Она кивнула, ничего не ответив, и поплелась, опять свесив голову, заранее стыдясь того, как она посмотрит теперь в глаза родителям? Навстречу попались двое Джелаль эд-Диновых кметей, крикнули, глумясь: «Поделись добычей, батыр!» Василий подошел к ним, сжимая саблю, и такая ненависть просквозила в его глазах, что те, вглядясь, отпрянули посторонь. «Блажной! Очень надо!» – еще что-то кричали ему вслед, но он шел, не оборачиваясь, а испуганная Юлдуз семенила рядом, цепляясь за его рукав.

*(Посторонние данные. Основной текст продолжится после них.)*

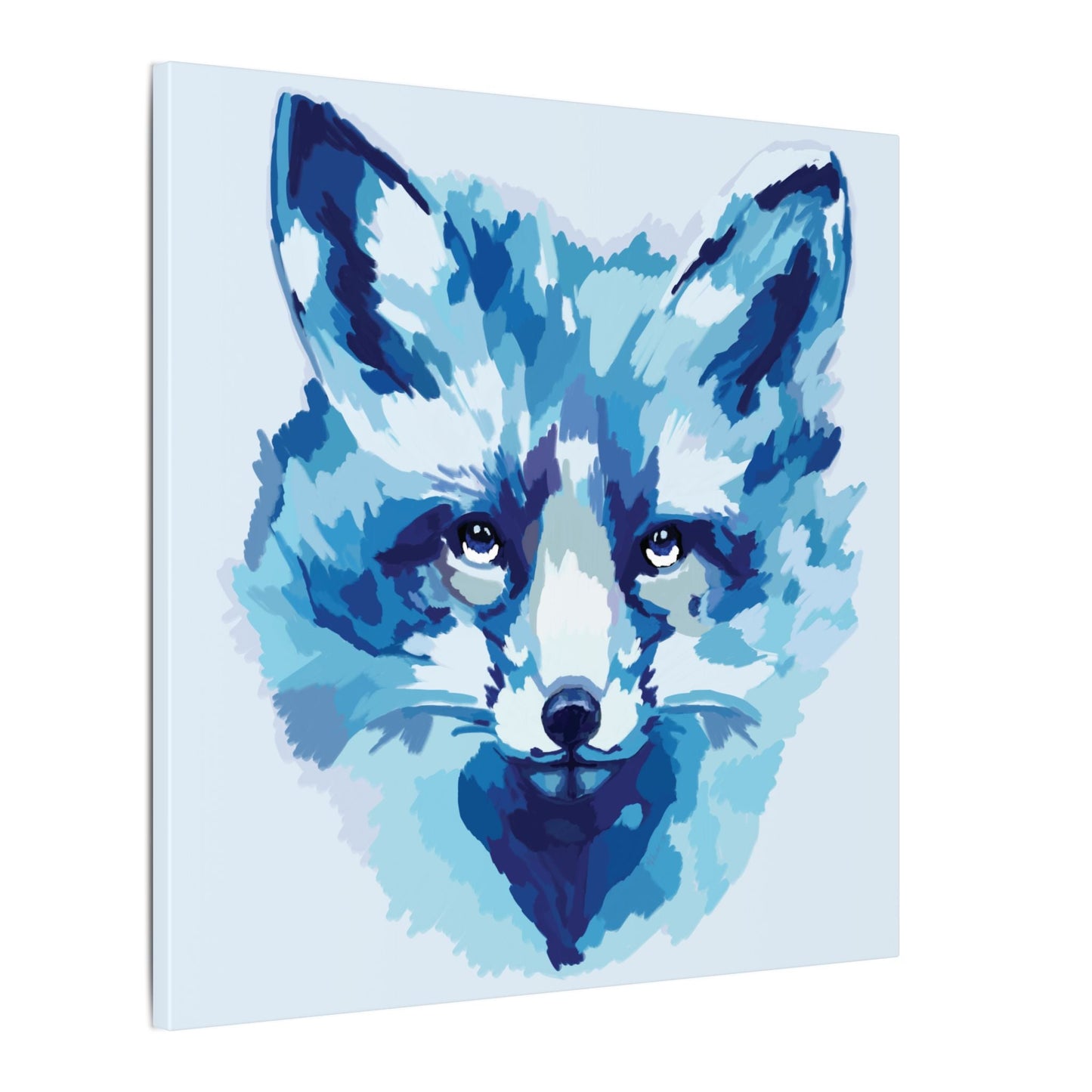 Blue Fox Portrait Canvas Wall Art - Blue Cava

Приведя девушку домой и немногословно изъяснив о случившемся, Василий помог собрать кое-какой разбежавшийся скот; нашли даже одного коня, помог поправить юрту (новый хан уже наводил порядок, прекращая грабежи и освобождая полон). Словом, Василий возился целый день, тем паче что Керим лежал тяжко израненный и не то что встать, даже пошевелиться не мог. Только уж к вечеру, чуток оклемавши, рассказал, как было дело. Как ему, по несчастью, довелось в тот день стоять в охране дворца, как они рубились до последнего и, сложив оружие, начали разбегаться, только когда из ханского дворца вынесли, показав им, отрубленную голову Темира.

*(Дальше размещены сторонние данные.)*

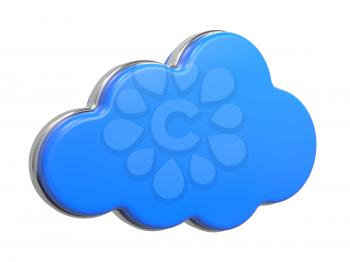Cloud Computing Concept. Blue Cloud on White Background.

Юлдуз пряталась в юрте, как израненный зверек, и даже не показывалась отцу – стыдно было! Василий помыслил даже – не взять ли ее с собою? Но, представив, что будет, только махнул рукой. Керим на прощание высказал только: «Рад, что хоть Кевсарья… – не договорил, слабо махнул рукой. – Иди! Хотел тебе ее… А теперь иди! Заходи, сотник, коли приедешь, коли жив буду…»
Василий нагнулся и поцеловал друга, по-русски, трижды, крест-накрест: «Живи, Керим! – сказал. – Не последняя етая наша беда! И Юлдуз береги, хорошая она у тебя…» И тоже не договорил, махнул рукою.